Single, Mr. Ephrata lives in a modest home he owns in Bellingham, Wash., where he leads the Fairhaven Believers Fellowship, a small fundamentalist congregation. Modeling himself after the Apostle Paul, who sold tents to finance his traveling ministry, Mr. Ephrata earns money as a contract carpenter and spends it traveling to dozens of events a year, like Mardi Gras in New Orleans and Mormon conventions in Salt Lake City. Last year he took his message to Africa.

He and the other preachers left Las Vegas at 1 a.m. Monday and drove 250 miles west, arriving at 8 a.m. to walk the Rose Bowl Parade route. Although not officially sanctioned by parade organizers, groups of fundamentalist preachers have been attending the parade for decades, Mr. Ephrata said. Later they stood outside the Rose Bowl.

The flavor of the events here and in Pasadena could not be more different, he said. The Strip is overwhelmed by hedonistic masses committing a litany of sins, he said, who can be dangerously belligerent as they get more drunk. The Rose Bowl Parade offers a family-friendly atmosphere where few spectators are confrontational.

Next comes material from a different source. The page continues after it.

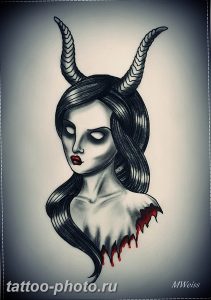 фото идея тату дьявол 18.12.2018 №178 - photo idea tattoo devil - tattoo-photo.ru
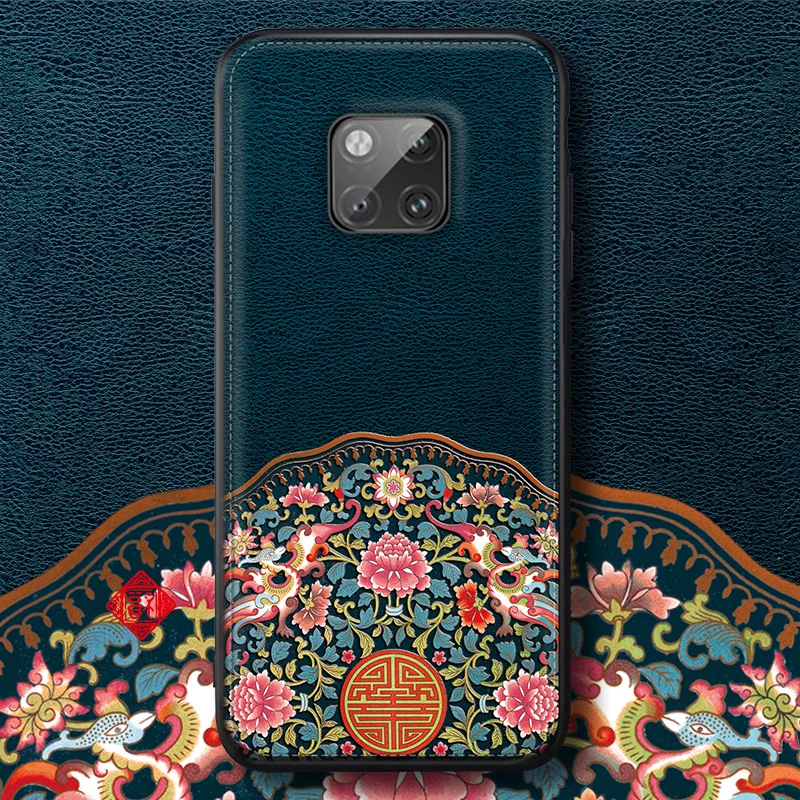 Роскошный чехол IIOZO из мягкой кожи для Huawei Mate 20 Pro Mate10 Mate20 X P10 30pro традиционный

Mr. Ephrata stood on the Strip with his 3-by-5-foot placard reading "Got Jesus? It's Hell Without Him" late Sunday night, amid a stream of expletives aimed at him and the three other preachers nearby. The group left an hour earlier than planned because people were hitting them, he said, and throwing ice and drinks.

Bryan York of Dallas was glad to see them go. "They make me so mad, the nerve of them," said Mr. York, who is gay and made a point of kissing his boyfriend in front of Mr. Ephrata. "How dare they judge other people?"

Mr. Ephrata said he had altered his tactics for this trip to the Strip. In years past, he was on his bullhorn insisting that people were damned and that the Southeast Asian tsunami and Hurricane Katrina were examples of God's anger. This year, he said, he found that answering people calmly and telling them that he worried about them was more likely to yield a productive conversation.

It did not always work. One intoxicated woman whose breasts were almost completely exposed harangued him until he could not restrain himself.

"Go home and put some clothes on," Mr. Ephrata told her angrily. "You're causing me to sin by looking at your breasts. You are dressed that way on purpose. Go and sin no more, woman. Go and sin no more."